■ Problem statement:
Beginning with the line in which "Hyundai i30 1.4 Classic - 12" appears, transcribe each line word for word until the records end. Do not include pictures.

══ Extracted information

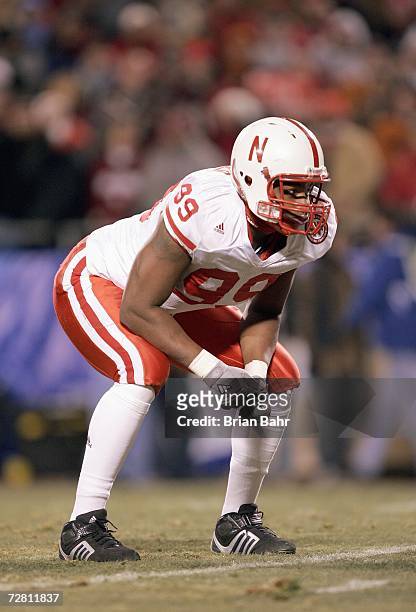 Barry Turner of the Nebraska Cornhuskers gets ready to move at the snap against the Oklahoma Sooners late in the fourth quarter of the 2006 Dr....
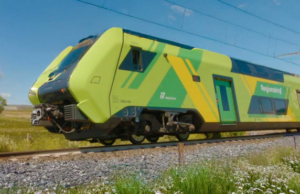 FS, accelerazione sul rinnovo della flotta: 77 nuovi treni regionali e 38 Intercity finanziati dal PNRR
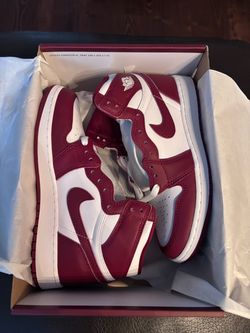 Youth Nike AIR JORDAN 1 HIGH OG GS "TEAM RED" Size 5.5Y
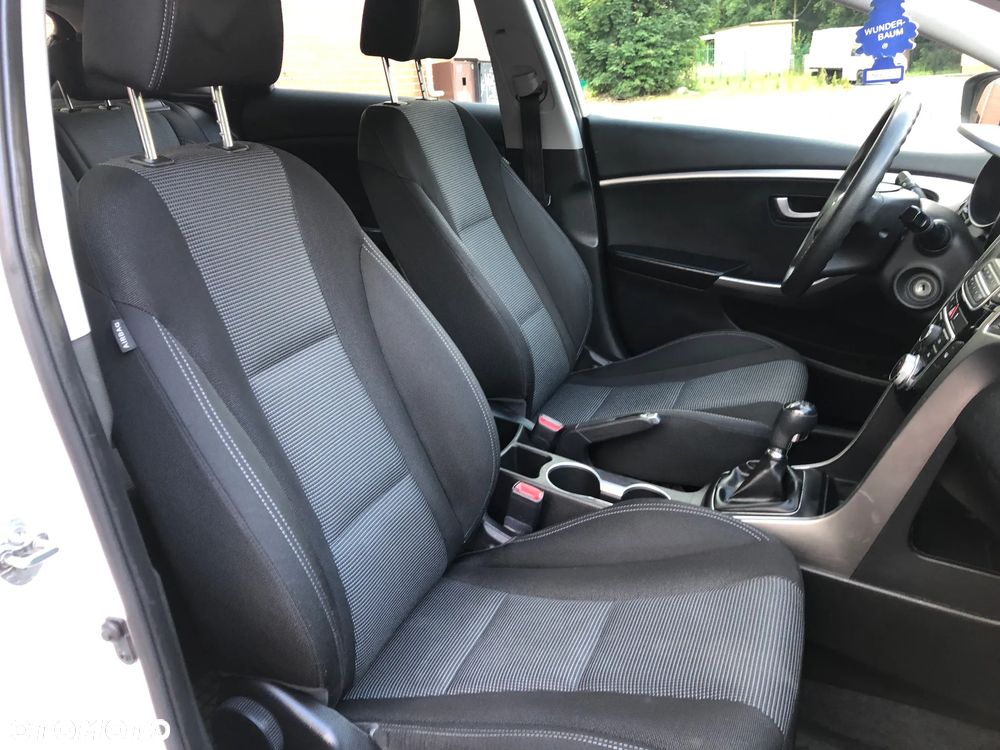 Hyundai i30 1.4 Classic - 12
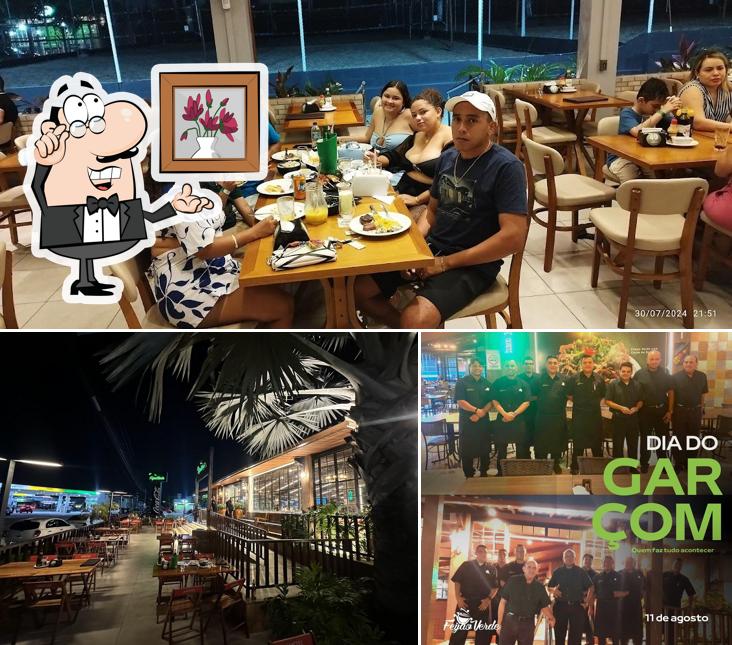 Sente em uma das mesas no Feijão Verde Eusébio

════

■ Completed exercise:
 Hyundai i30 1.4 Classic - 12
 Sente em uma das mesas no Feijão Verde Eusébio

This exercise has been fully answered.